Sarafovo (Сарафово) is a neighbourhood of Burgas, largest city in southeast Bulgaria – a regional, tourist and trade center.

Sarafovo was founded as a settlement (1912–1922) by refugees from the Thrace region.

==Geography==
Sarafovo is 10 km from the centre of Burgas. There are over 4,000 residents in more than 1,300 houses.

It is situated on a hill on the Black Sea coast, where there is a fine view of the whole of Burgas bay, Pomorie, Sozopol, Burgas and the mountain heights of the Strandzha Mountain. Sarafovo also has a wide, sandy beach.

==Tourism==
The number of hotels and places of amusement increases every season. The area is particularly popular with Irish and Norwegian tourists. Tourism is the main economic activity in Sarafovo, but unlike some larger resorts, Sarafovo does not close down at the end of the main holiday season. Tourism peaks in July and August, when the population increases to 10,000–12,000 people.

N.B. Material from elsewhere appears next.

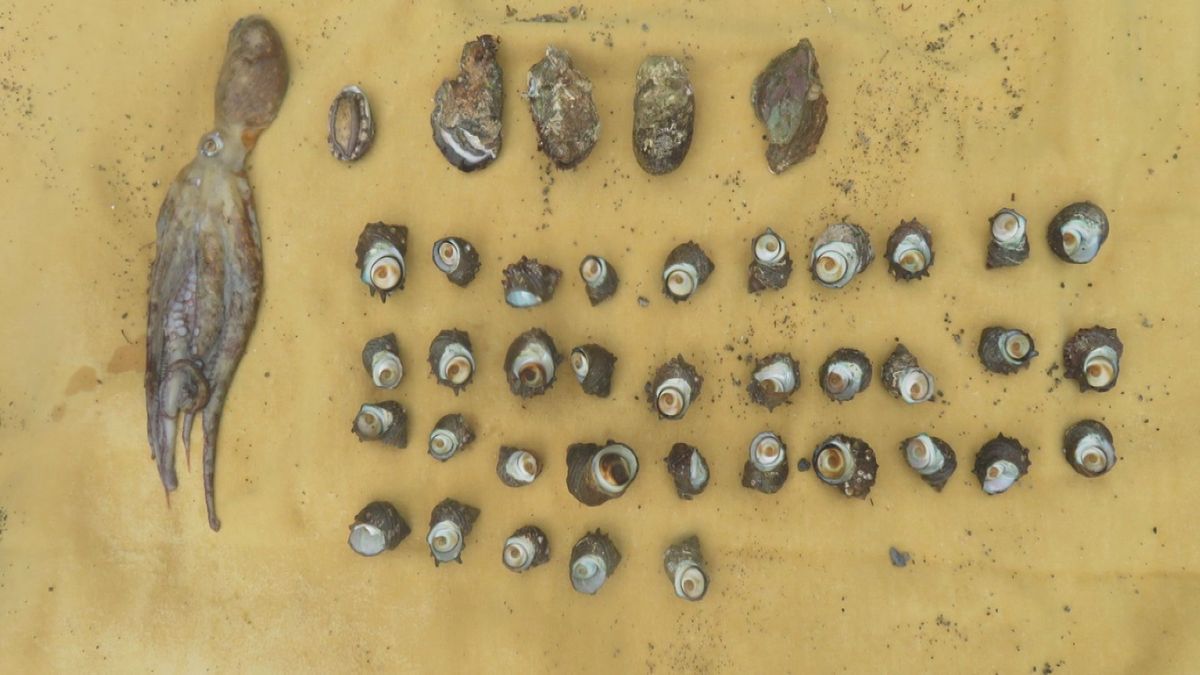 去年の県内の密漁131件 8割以上が県外から 「レジャー感覚でも犯罪に」 海上保安部が呼びかけ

A further strong impetus to visitor numbers is Burgas International Airport, which is less than 1 km away from Sarafovo. In 2019 the airport processed more than 3,2 millions passengers. Sarafovo is convenient to Burgas city centre (10 km), the seaside town of Pomorie (7 km), Nessebar and the beach resort of Sunny Beach (25 km).

Sarafovo also has an increasing number of foreign residents, who have chosen Bulgaria for their home. There is also a yacht port. Overall, Sarafovo's ambition is to become "The European face of Burgas".